Wilkinson souligne que la plupart des grands médias renoncent à publier des images et des articles particulièrement horribles et qu’il s’agit de la manière correcte d’aborder ce problème.
Certains experts cependant qu’il est facile de franchir par inadvertance la limite entre la couverture d’un événement et la diffusion de propagande pour le groupe terroriste.
Essayer de détruire la liberté d’expression
Ali Reza Nourizadeh est directeur du Centre des études arabo-iraniennes (Arab-Iranian Studies Center) à Londres. Il déclare que «faire le compte-rendu d’une atrocité représente une nécessité», mais que les médias ne devraient pas diffuser des messages des terroristes eux-mêmes.
«Je ne comprends pas pourquoi certains réseaux d’informations américains et européens donnent une telle importance aux messages du chef d’Al-Qaeda, Osama ben Laden, et à la dernière déclaration du numéro 2 d’Al Qaida, Al Zawahri – diffusés par le réseau d’informations Al-Jazeera nuit et jour – et quels objectifs ils espèrent atteindre» déclare-t-il. «Au bout du compte, il s’agit d’un terroriste qui se moque des milliers de personnes tuées dans les attentats du 11 septembre, Afghanistan et en Iraq.»
Nourizadeh ajoute que les terroristes abusent de la liberté d’expression pour atteindre leurs propres objectifs, qui incluent souvent la destruction de la démocractie et la liberté d’expression».
Analyser les déclarations des terroristes
Pourtant, Wilkinson maintienz que c’est un avantage que de pouvoir obtenir toutes sortes d’informations utiles sur les terroristes par le biais des médias. Ces informations incluent les déclarations des leaders terroristes qui permettent aux experts d’évaluer leur santé et leurs intentions, par exemple. Ceci contre-balance le fait que ces messages pourraient inciter certaines personnes à encourager les buts des terroristes.

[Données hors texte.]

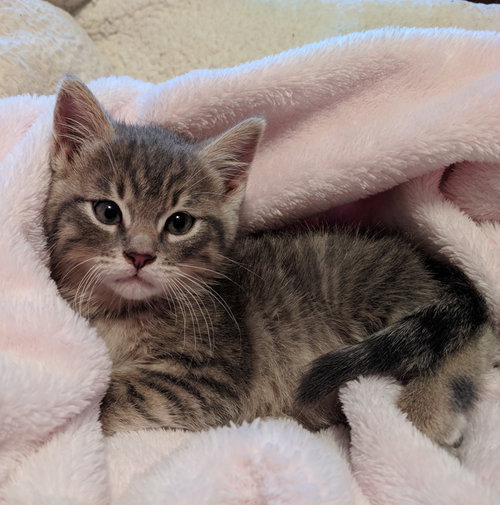 Kitsy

Wilkinson ajoute que la station de télévision Al-Jazeera, souvent critiquée par les leaders occidentaux, vérifient les déclarations et que ses jugements ne diffèrent que rarement de ceux des experts de reconnaissance vocale de la CIA. Il affirme également que les compte-rendus des médias sur les attaques terroristes contre les civils ont permis de retourner l’opinion publique contre les terroristes.
«Je n’ai pas l’impression que malgré toute sa propagande, Al Qaida ait soudain conquis l’opinion publique du monde musulman», déclare-t-il. «Au contraire, je crois qu’il y a eu des réactions très fortes dans un passé proche, en particulier suite à ces atrocités en Irak où les terroristes ont massacré des chiites».
Juger chaque cas individuellement
Comme les médias, la plupart des journalistes réagissent avec prudence. Lord William Rees-Mogg est l’ancien rédacteur en chef du journal londonien The Times. Il déclare que les médias doivent se comporter de manière responsable et qu’il n’est pas toujours juste de faire de la publicité à ceux qui la recherchent. Chaque cas doit être jugé individuellement.
«Je ne pense pas qu’il s’agisse simplement de bon sens» dit-il. «Un compte-rendu peut-il contribuer à mettre des vies en danger, voire à tuer des gens ? C’est une question qui doit être sérieusement évaluée. S’agit-il d’une information importante pour le grand public, même si elle n’est pas agréable ? La réponse n’est pas la même dans tous les cas. Les journaux doivent faire preuve de nuances. Parfois, il est juste de publier et parfois il n’est pas faux de publier». Rees-Mogg conclut cependant qu’il est mieux pour le public d’être bien informé.
Jan M.P. Jun
© 2006 RFE/RL, Inc. Publié avec la permission de Radio Free Europe/Radio Liberty, 1201 Connecticut Ave., N.W. Washington DC 20036.
Website: http://www.rferl.org/
Traduction: Jean-Marc Flükiger.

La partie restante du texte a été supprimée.